When the Panama Canal deepening project and new locks are completed in 2014 they will define a new class of larger vessels that will fit within the restrictions of the channel and locks.  Ships are divided into various classes and these vessels are being called “New Panamax.”

For 100 years the canal’s locks have limited passage to “Panamax” ships with no more than 965 feet in length and 106 feet in width.  Chambers in the new locks will allow passage of ships “New Panamax” ships up to 1,200 feet in length and 160.7 feet in width.  The depth of the canal is being increased from 39.5 feet to 50 feet. 

Bigger ships mean greater shipping efficiency and will bring increased traffic to Texas seaports, highways and railroads.

The Texas Department of Transportation (TxDOT) has created a Panama Canal Stakeholder Working Group.  TxDOT is seeking input from members and the public on ways the department can help in ensuring that Texas is well-positioned to capitalize on canal expansion-related economic opportunities.

The Working Group is holding meetings along the Texas Coast with stops in Houston on Aug. 27, Beaumont on Aug. 28, Dallas-Fort Worth on Sept. 7 and Brownsville on Sept. 14.  They will wrap up their work Nov. 12-13 at TxDOT’s offices in Austin.  The group met in Corpus Christi on Aug. 1 and heard about South Texas freight issues including needed highway and rail projects.

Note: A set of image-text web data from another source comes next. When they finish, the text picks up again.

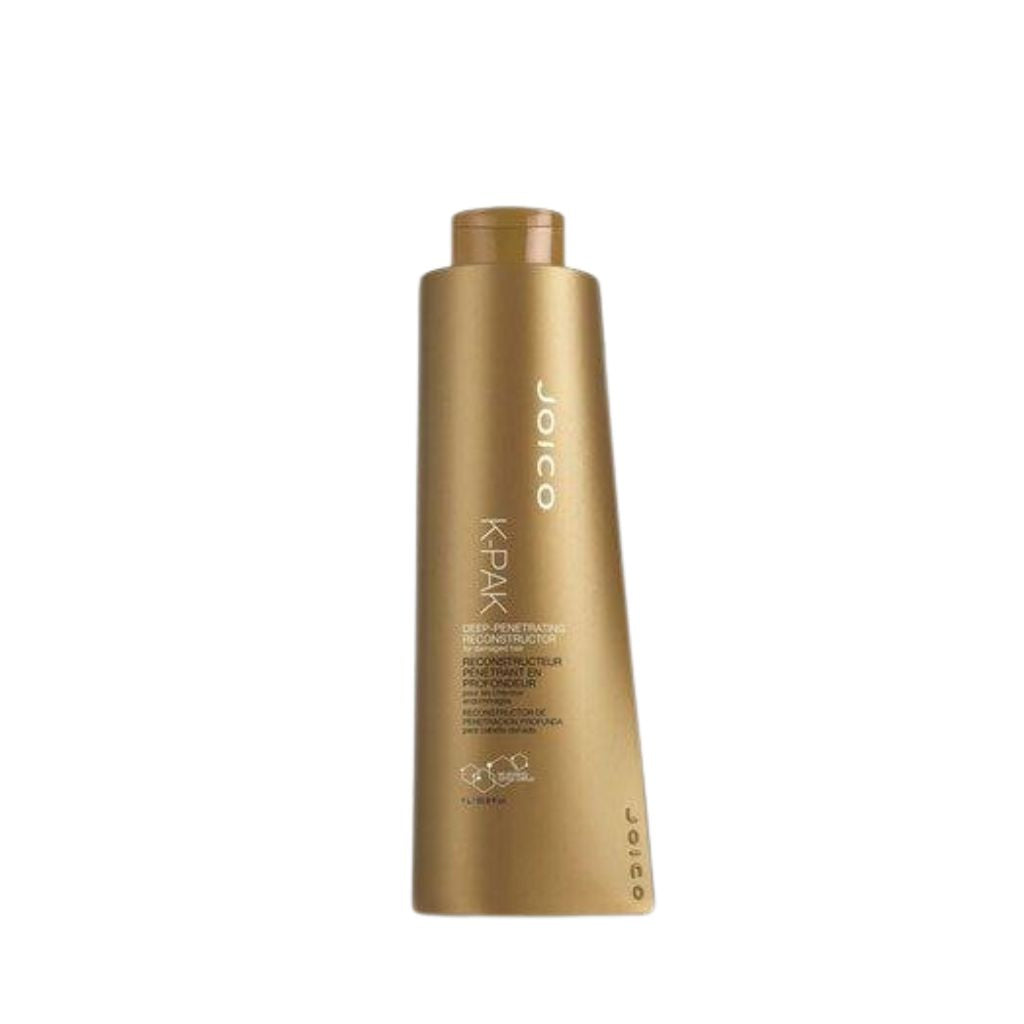 Joico K-Pak Moisture Intense Hydrator 1L [LAST CHANCE] - Zennkai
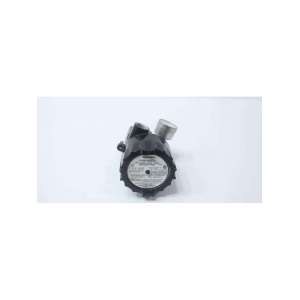 NT3002102SN1B00 FLOWSERVE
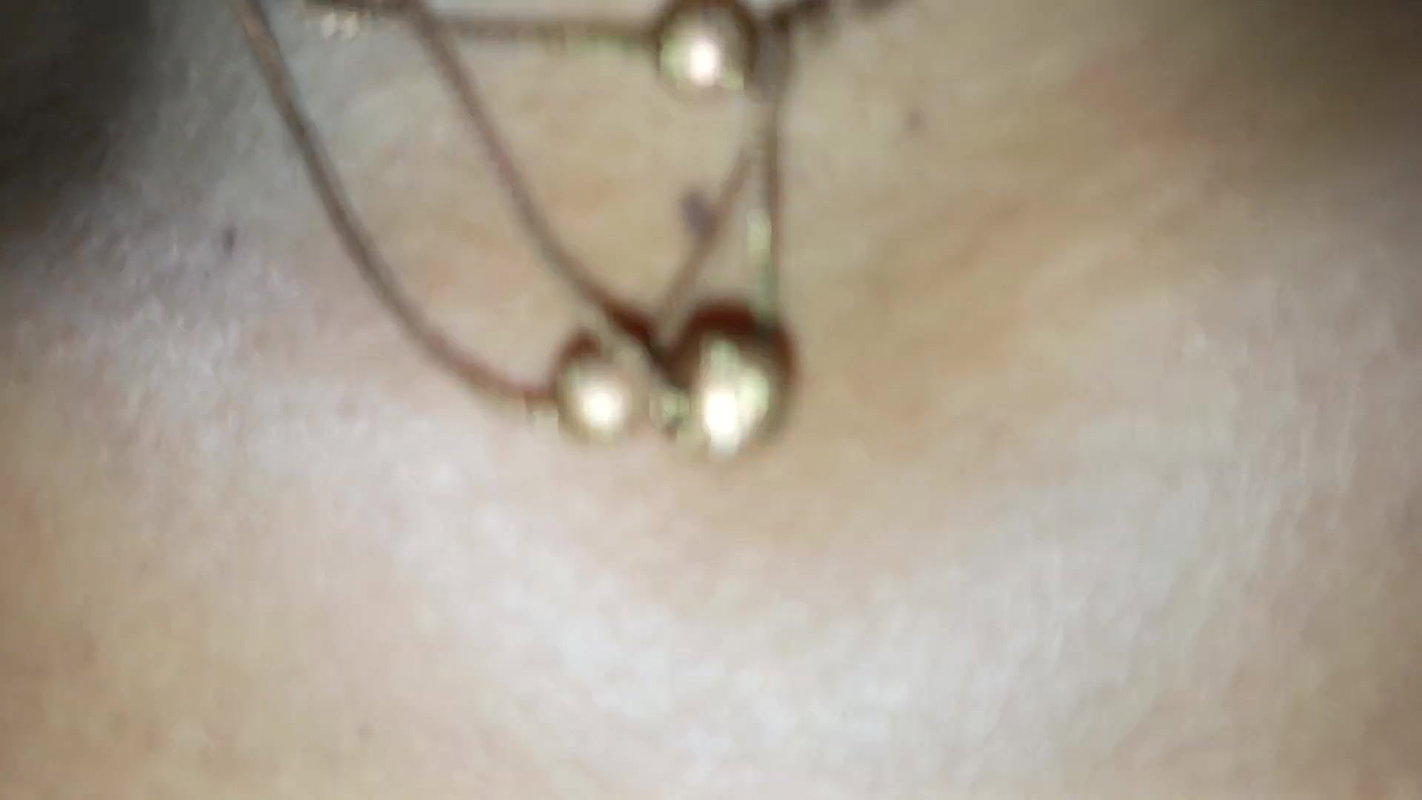 Indian desi newly married hot bhabhi was getting tray anal with dever and sucking dick in mouth clear dirty Hindi audio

No Texas or Gulf Coast port has a ship channel deep enough to take full advantage of the deeper and wider canal.  Industry experts are predicting that the impact of opening the canal is likely to be modest at first but very significant in future years.  The process of adjusting the components of freight infrastructure is almost always measured in decades instead of years.Terry Simpson

Most of the attention on greater Panama Canal traffic has been on containerized cargo and giant new container ships that will be able to connect the Pacific Rim with Gulf and East Coast ports and the manufacturers and consumers they serve.  These behemoth ships will not be able to call at any Texas port fully loaded and instead are likely to deliver and pick up boxes at Caribbean hubs like Kingston, Jamaica.  Smaller ships will make the shorter runs to and from U.S. ports.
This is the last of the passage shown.